This article covers the role of a people manager in the context of an Organization. There is a lot of data on what Product Owners do, Scrum Masters do etc. However, when someone takes over the important role of People Manager, there is confusion in teams from a refusal to listen to the manager, to a feeling that the manager is micromanaging.
If you have taken over the role of an Agile Manager or an Agile Engineering Manager this article is an attempt to help you with your new role.
First, let’s cover the list of things we should stop doing.
- Don’t feed work directly to the team. Instead, route it through the Product Owner.
- Stop asking for Status Reports.
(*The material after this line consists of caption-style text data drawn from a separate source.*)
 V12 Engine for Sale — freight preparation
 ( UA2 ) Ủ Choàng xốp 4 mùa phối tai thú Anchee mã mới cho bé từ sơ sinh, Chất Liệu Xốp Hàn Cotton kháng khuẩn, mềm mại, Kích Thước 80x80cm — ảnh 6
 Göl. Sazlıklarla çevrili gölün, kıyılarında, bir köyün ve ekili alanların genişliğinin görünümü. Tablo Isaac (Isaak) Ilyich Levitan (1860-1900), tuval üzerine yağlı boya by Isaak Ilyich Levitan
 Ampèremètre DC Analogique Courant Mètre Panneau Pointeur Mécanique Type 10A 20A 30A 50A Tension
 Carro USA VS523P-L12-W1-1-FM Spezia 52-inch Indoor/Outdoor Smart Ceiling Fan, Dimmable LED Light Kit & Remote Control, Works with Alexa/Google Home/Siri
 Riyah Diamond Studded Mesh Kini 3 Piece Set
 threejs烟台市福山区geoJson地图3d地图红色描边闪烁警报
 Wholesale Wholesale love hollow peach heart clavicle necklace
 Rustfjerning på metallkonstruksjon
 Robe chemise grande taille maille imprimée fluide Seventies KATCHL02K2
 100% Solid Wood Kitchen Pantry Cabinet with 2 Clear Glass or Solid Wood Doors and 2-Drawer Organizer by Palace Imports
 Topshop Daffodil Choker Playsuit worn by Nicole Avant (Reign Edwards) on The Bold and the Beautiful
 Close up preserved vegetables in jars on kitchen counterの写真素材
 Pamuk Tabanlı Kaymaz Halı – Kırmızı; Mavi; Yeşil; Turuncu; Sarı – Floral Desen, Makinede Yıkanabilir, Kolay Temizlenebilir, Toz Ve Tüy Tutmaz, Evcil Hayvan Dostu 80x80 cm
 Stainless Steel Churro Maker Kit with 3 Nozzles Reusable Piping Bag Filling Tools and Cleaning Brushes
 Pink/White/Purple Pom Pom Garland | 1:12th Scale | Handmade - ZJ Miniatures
Instead, go to the team room or virtual team room, listen to their standups etc.
- Stop calling meetings. I know this is an extreme claim but think about it. Do you really need this meeting?
- Change or add team members without the team’s explicit permission.
Now take a minute to see this video about turning the ship around by David Marquet
Set up an Impediment Board in your office. Tell your teams that you commit to working on the impediments any team member brings to you. An impediment is anything that blocks your team from getting their work done. First, check with ScrumMaster of the team what impediments he/she is solving for the team. The ones they are not able to solve are yours to solve.
Protect Teams Time – By asking teams to practice the concept of “Core Hours”. Core hours is the time members of an Agile team commit to being together. Add a rule in the organization that no one except team members can disturb the team during core hours. The team when in core hours may not respond to emails, chats etc.
Spend Teams Time Judiciously – Most teams now ( 2016 ) get only two to three hours of productive time at work. What if we can help create a system where teams spend most of their time doing value-add work as a team.